TASK STATEMENT: The answer must restate the listing word for word, without its images.

DATA FOR THIS EXERCISE below:

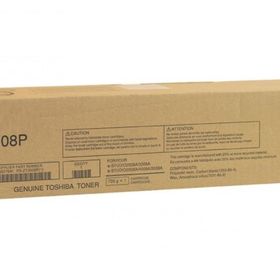 Toshiba T-3008P Muadil Toner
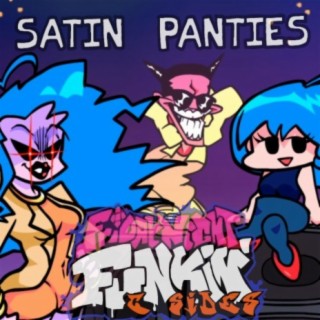 Satin Panties (Friday Night Funkin')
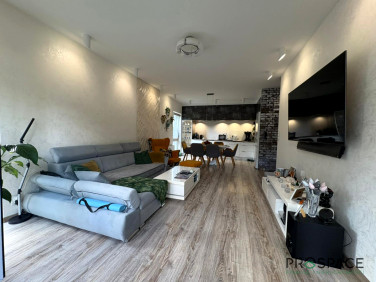 Mieszkanie przy lesie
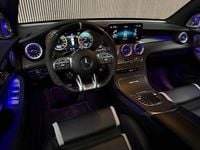 Occasion Mercedes S63 AMG AMG 508 PK (373 kW) 2019 Grijs SUV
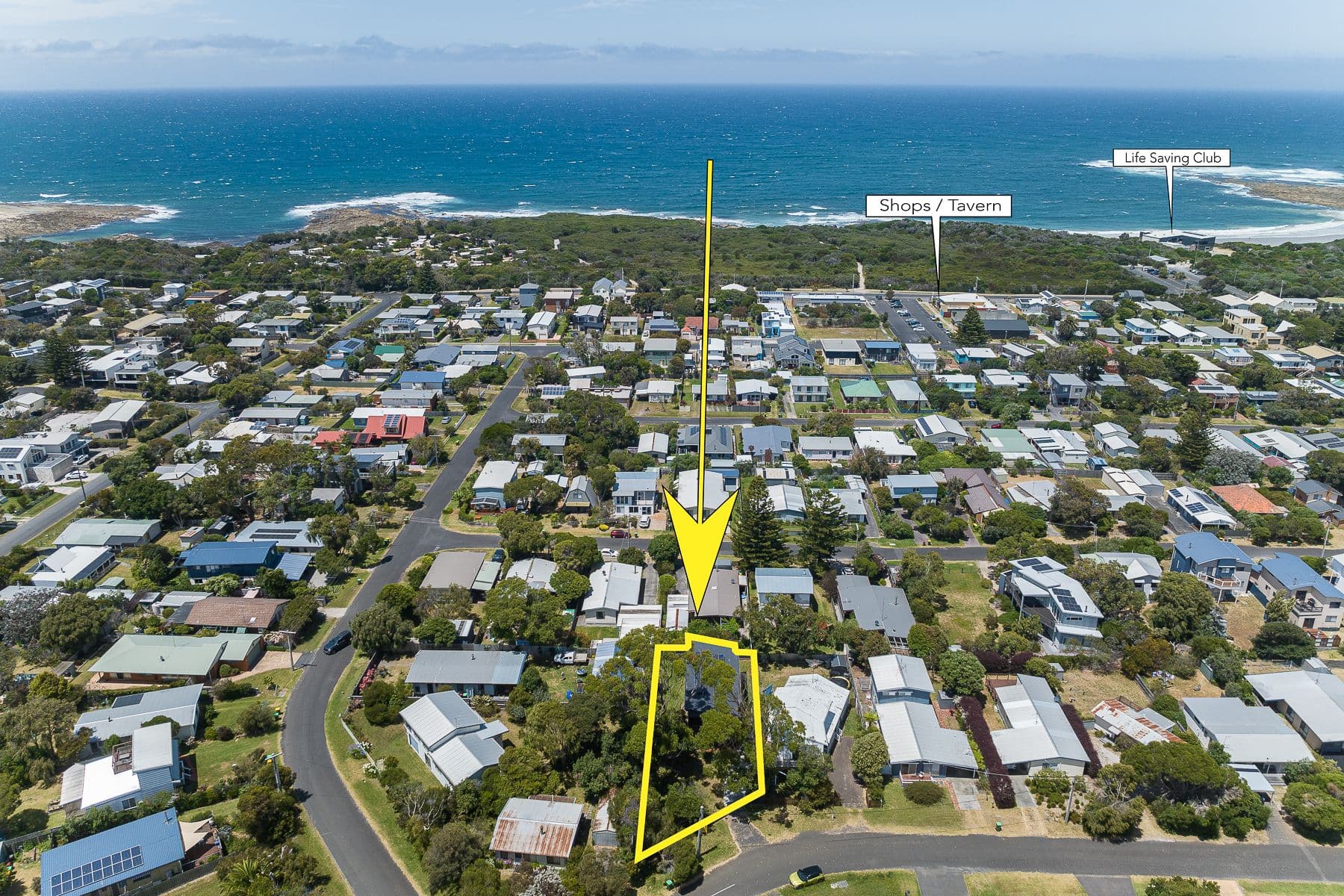 5 Neptune Street, Cape Paterson VIC 3995, Cape Paterson - Thumbnail 4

End of DATA FOR THIS EXERCISE.

OUTPUT FOR THIS EXERCISE:
 Toshiba T-3008P Muadil Toner
 Satin Panties (Friday Night Funkin')
 Mieszkanie przy lesie
 Occasion Mercedes S63 AMG AMG 508 PK (373 kW) 2019 Grijs SUV
 5 Neptune Street, Cape Paterson VIC 3995, Cape Paterson - Thumbnail 4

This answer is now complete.